There were lots of Asian tourists;  Alan decided that a large number of them were Korean based on the alphabet they used.  They were kind of loud and aggressive, and took lots of selfies with exaggerated hand and arm movements, which was also the observation that one of our earlier guides had mentioned from his experience with Asian visitors in Switzerland.  When we had the chance, we let those groups move past us (which they were determined to do anyway). 

The oxygen level was definitely much lower up there.  We were at over 13,000 feet, so we were moving slowly, both because it was harder to breathe, and because the floors were somewhat slippery.  We’re pretty sure that we were experiencing some altitude sickness, Joyce more so than Alan.

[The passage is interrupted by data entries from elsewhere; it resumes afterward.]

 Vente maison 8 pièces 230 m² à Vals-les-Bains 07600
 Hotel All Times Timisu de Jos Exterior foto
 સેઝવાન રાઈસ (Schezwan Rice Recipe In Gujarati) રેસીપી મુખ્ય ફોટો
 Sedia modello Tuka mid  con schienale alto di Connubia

Once we had made our way past the various viewing platforms, we started through the ice palace.  This was a series of passageways through the glacier.   Here, it was definitely cold with very slippery floors. Scattered throughout were little rooms with ice carvings.  Thankfully, there were hand rails throughout, and neither of us fell down.

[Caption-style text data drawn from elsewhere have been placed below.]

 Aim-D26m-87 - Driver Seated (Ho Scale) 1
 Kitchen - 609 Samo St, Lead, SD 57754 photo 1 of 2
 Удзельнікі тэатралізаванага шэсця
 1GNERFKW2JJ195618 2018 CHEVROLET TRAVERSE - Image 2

We did the reverse to Interlaken, mostly in rain.  The gondola had several other people on board, but while young, they were pretty well behaved, though talkative.  As we’ve learned throughout, once we’ve traveled one direction, the way back seems much easier.

We were a little earlier than originally planned but there wasn’t much open to see in Interlaken, and we didn’t have time to go into the town proper.  So we rode the train back to Bern, a pretty uneventful leg.

By now we were pretty familiar with the path back to the hotel.  So, we got to our room to blog, work on pictures, pack, and sleep.


About Bern

A powerful force since medieval times, the thriving Swiss capital is an appealing city of museums and collections. Bernmobil is the capital’s transit service. A BernCard is valid on trams and buses that serve the city. A free bike service is also an option for getting around. The Historical Museum and the Collection of the Bern Museum of Fine Arts house the art and architecture of millennia. The Einstein House and the Paul Klee Center showcase the work of two of Bern’s famous former inhabitants.

About Jungfraujoch

Icy air streams across your face, snow crunches under your feet, and the view nearly takes your breath away: on one side the view of the Mittelland up to the Vosges, on the other the Aletsch glacier, bordered by four thousand metre peaks. Standing on the Jungfraujoch 3,454 metres above sea level, you can feel it with your first step: this is a different world. It’s one you have to experience.